The media’s propaganda campaign serving the Southern Poverty Law Center just hit close to home in my state, Ohio. A recent hit piece in the Columbus Dispatch stunningly displayed misplaced trust in the SPLC’s radical, bigoted profit machine.
Citizens for Community Values (CCV) is a leading Christian family policy organization, led to a position of prominence in Ohio and the national political scene over the last two decades by former president Phil Burress. Following Burress’ recent retirement, the group tapped promising newcomer, Aaron Baer, to fill some very big shoes.
This group’s hard work and dedication to families deserves far better than the treatment given by the Dispatch, which sent out this Tweet about CCV prior to an event on October 8: “Is the organization sponsoring tonight’s GOP gubernatorial forum a ‘hate group’?”

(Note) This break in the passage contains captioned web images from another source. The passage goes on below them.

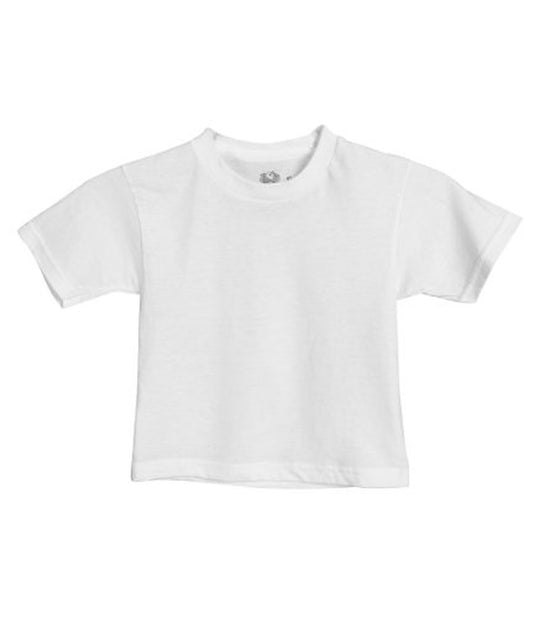 Fruit of the Loom Simply Fits Better Toddler Boys` 3pk White Crew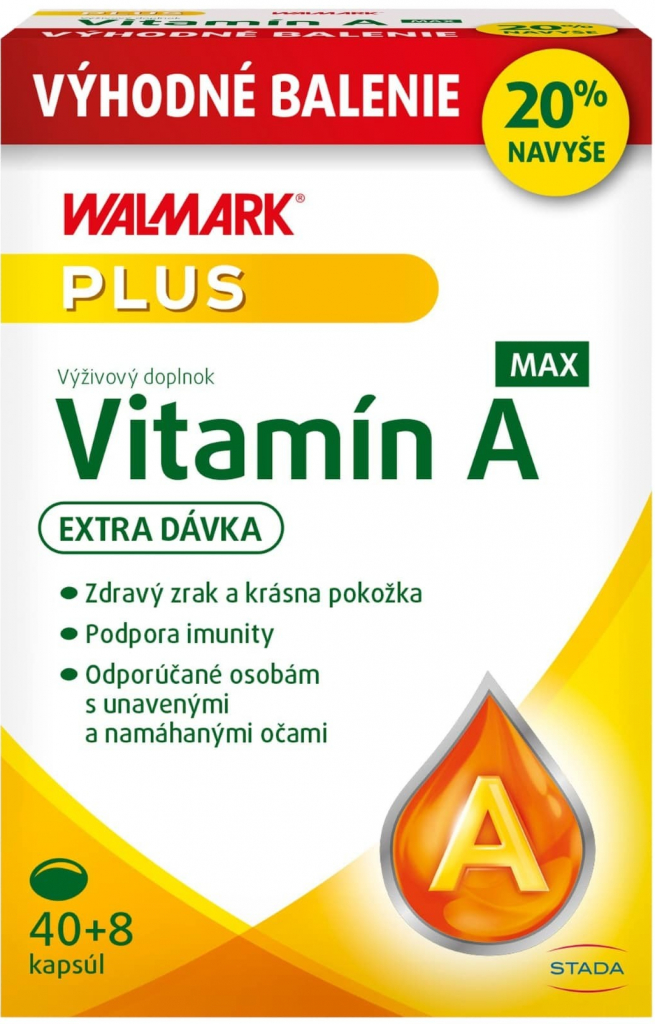 WALMARK Vitamín A MAX 48 ks od 3,89 € - Heureka.sk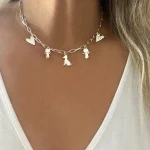 collar de plata con colgantes a elección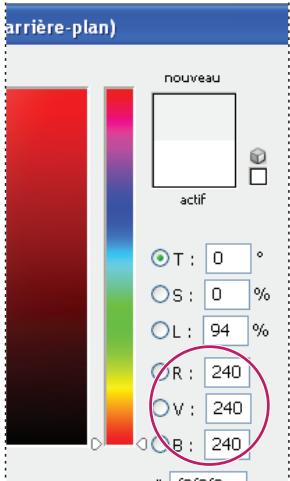 ADOBE PHOTOSHOP CS4 - Définition des valeurs cible à l'aide des pipettes - 4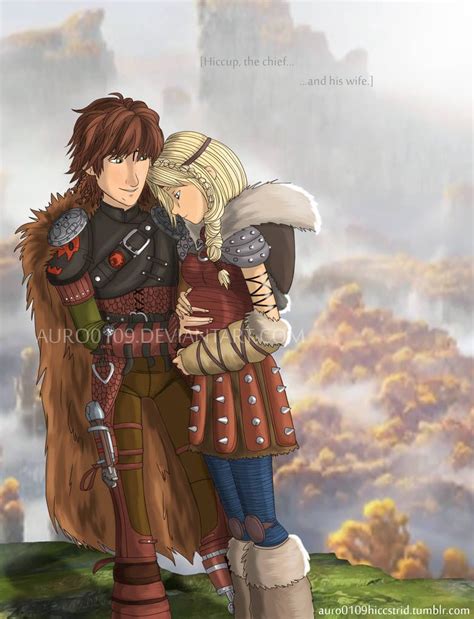 Hiccup The Chief And His Wife Astrid By Auro0109 Hiccup The Chief And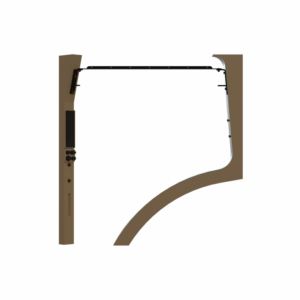 Top window rail kit for 2019 John Deere 7R tractor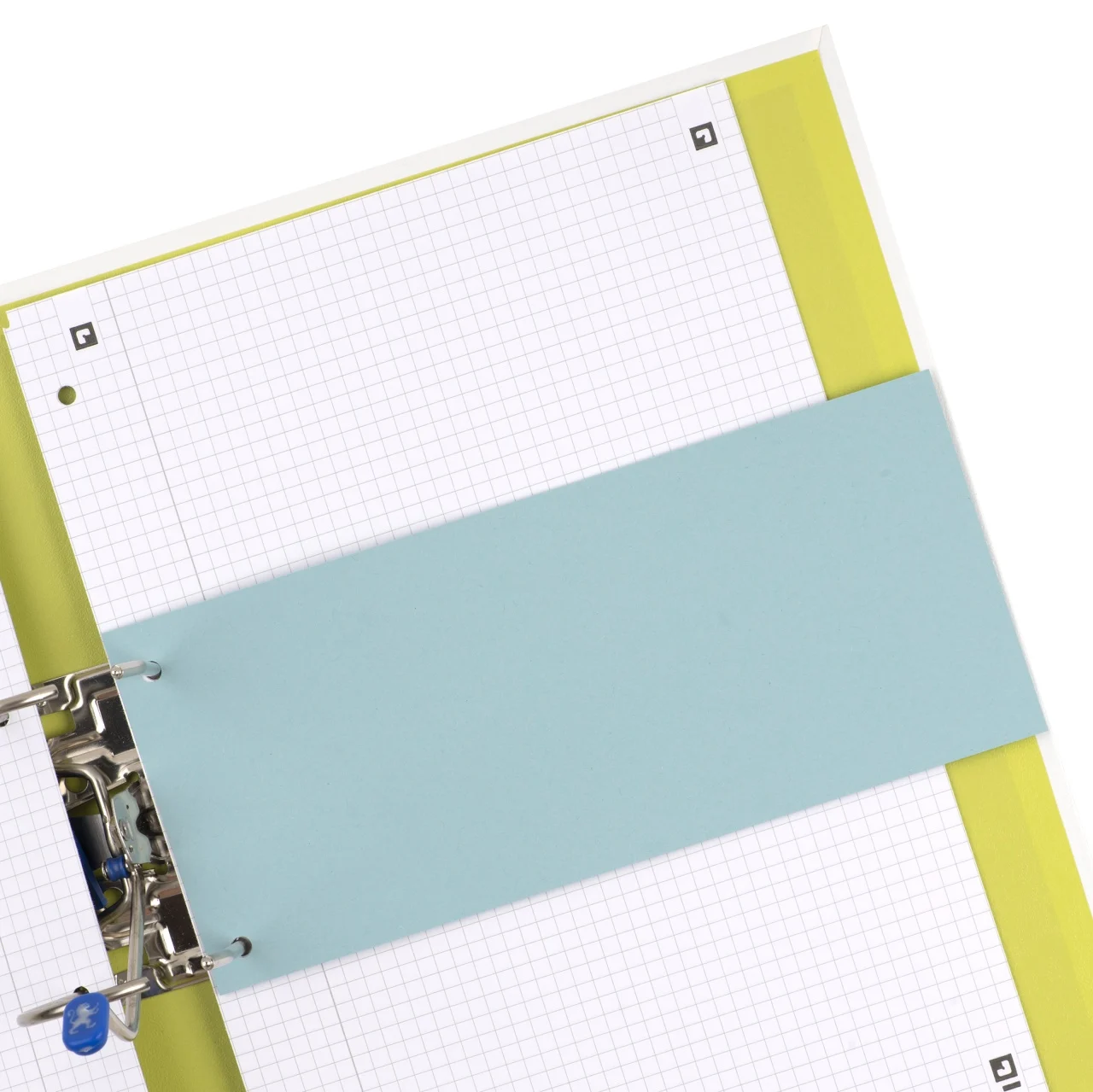 Separatoare carton Oxford 10.5x24cm 190g/mp albastru set 100 file [2]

And the paper followed up with a Sunday headline article, citing the SPLC as its source for the smear label. CCV landed on the SPLC infamous hate list years ago while standing against same sex “marriage” and the harmful behavior of homosexuality.
This same hit list was used as a map by one wannabe mass murderer and publicly admired by another.
Creating controversy does get some clicks for a dying paper. But thankfully, many Dispatch readers found the reporter’s tactic to be underhanded and irresponsible, with numerous comments like this one: “To cite the Southern Poverty Law Center as credible is ludicrous. You can do better and should do better Dispatch.”
Another reader wrote, “Sheer ignorance when quoting SPLC. Do some research people. Get to know the SPLC for what it is. Very dangerous.”
Apparently SPLC could care less. They peddle their bigotry and they are sticking to it.
And predictably, a major network had one takeaway from last week’s Values Voter Summit—shock that a flyer about homosexual health risks was included in the attendee packet.
NBC News was outraged that Trump spoke to a group where a flyer promoting Mass Resistance’s important resource, The Health Hazards of Homosexuality, was part of every registrant’s packet.
But NBC provided this justification for its dismay: “The Southern Poverty Law Center has designated MassResistance a hate group since 2008.”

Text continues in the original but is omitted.